Ancient DNA (aDNA) refers to DNA extracted from ancient specimens. Examples include the analysis of DNA recovered from archaeological and historical skeletal material, mummified tissues and archival collections of non-frozen medical specimens. The techniques used in extracting aDNA are however applicable to any situation where DNA has degraded to the extent that conventional fresh DNA extraction techniques cannot be used. Practically speaking, the term aDNA relates to the condition of the DNA, not necessarily the age.
Different techniques are required to extract ancient DNA, and the extraction therefore needs to be handled at a specialist aDNA laboratory. A fresh DNA sample can be on the order of micrograms. If the lab is exposed to low levels of alien DNA on the order of nanograms or picograms, the contamination will not show up in the results. In contrast an aDNA sample is typically on the order of nanograms or even picograms, so that extra nanograms or picograms of contamination could be fatal to the analysis.
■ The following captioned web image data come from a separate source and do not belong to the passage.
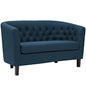 Prospect Upholstered Fabric Loveseat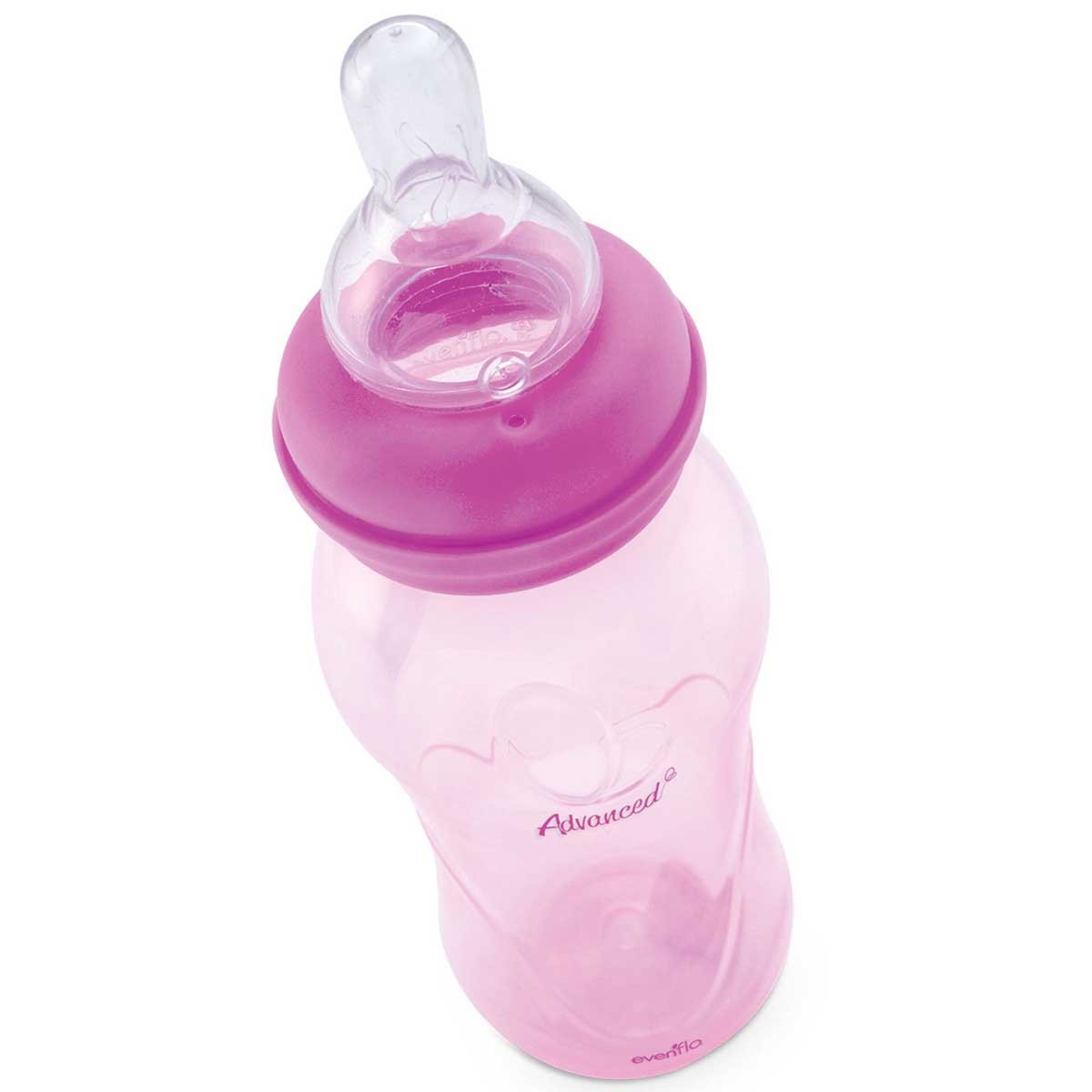 Biberón Advanced Evenflow Light 2 Pk Niña 8 Oz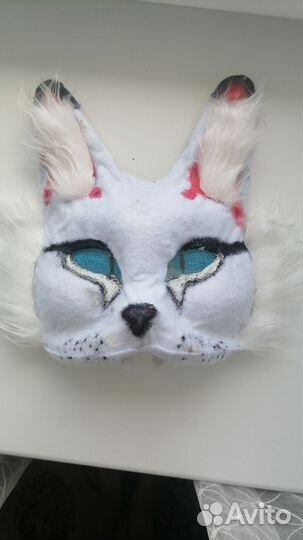 Маска кошки для квадробики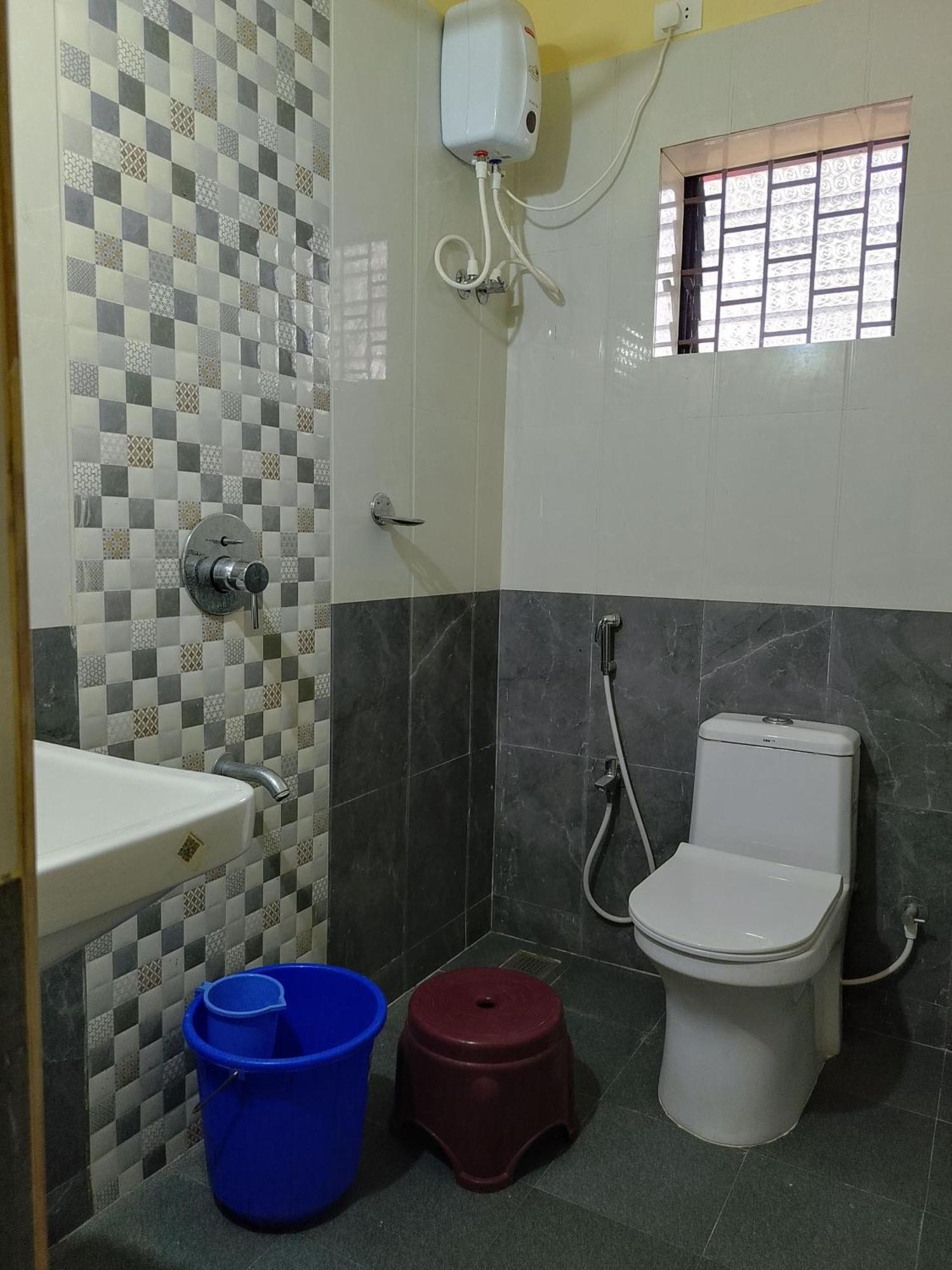 One Love Guest House Morjim Esterno foto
Colleen Fitzpatrick reports: "Over the last year or two, I have been involved in several projects where misidentifications have been made and DNA from remains has been consumed or destroyed because the DNA sample was brought to a commercial testing lab, not an aDNA lab. Commercial labs are rarely equipped to handle the small quantities of aDNA, and often do not know they cannot handle it. These labs commonly produce results that are contaminated. This was true in the recent misidentification of the Navajo skeleton as Everett Reuss, the poet who died in the Utah desert in the 1920s. Cross-contamination occurred at the commercial lab that handled it between Reuss family members and the remains, giving a false positive identification."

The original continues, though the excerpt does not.